---------- Records shown
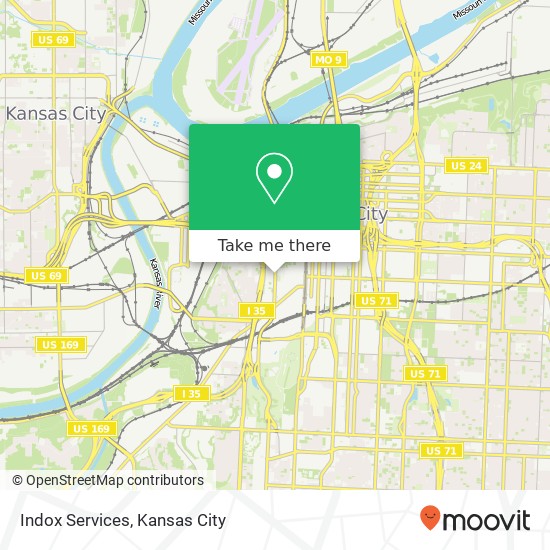 Indox Services map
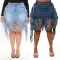 Sexy skirt denim casual skirt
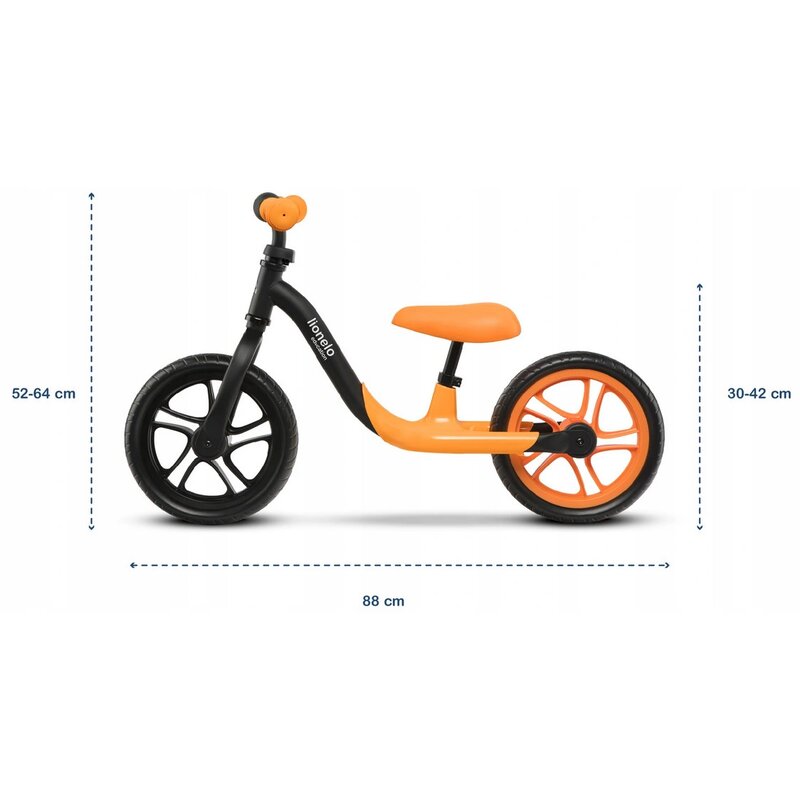 Lionelo - Bicicleta fara pedale Alex, 12″, Orange image 2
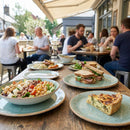 Coupe Plates – 255mm – Durable Stoneware | 6mm Thickness | Commercial Grade – Indoor/Outdoor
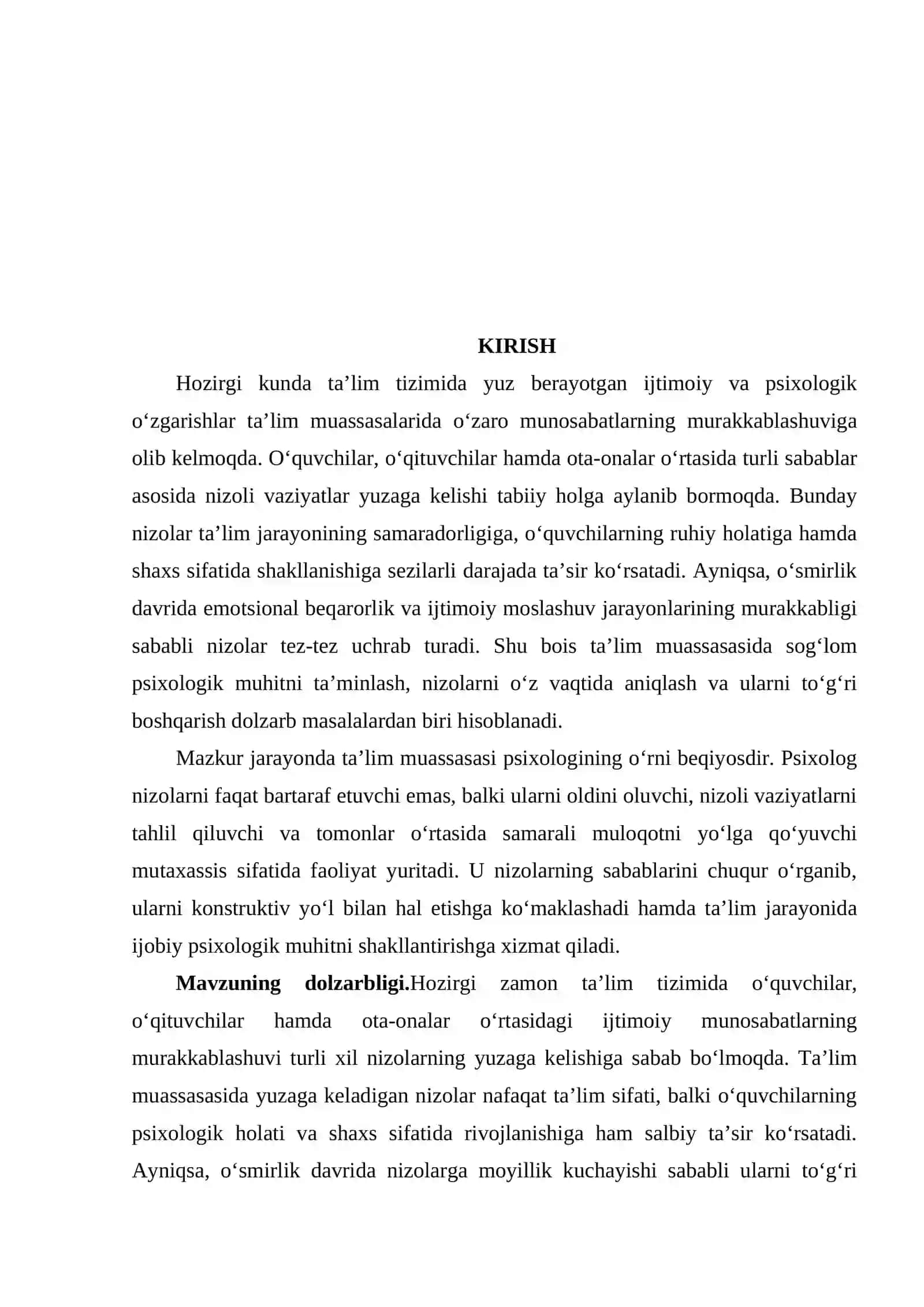 Taʼlim mussasasida nizolarni boshqarishda psixolog roli 3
--------------------
About this task ▸ Your reply must hold only the lines from the line containing "Lionelo - Bicicleta" through the end of the records above, written out exactly, both ends included, with no pictures, please.

The completed task ▸
 Lionelo - Bicicleta fara pedale Alex, 12″, Orange image 2
 Coupe Plates – 255mm – Durable Stoneware | 6mm Thickness | Commercial Grade – Indoor/Outdoor
 Taʼlim mussasasida nizolarni boshqarishda psixolog roli 3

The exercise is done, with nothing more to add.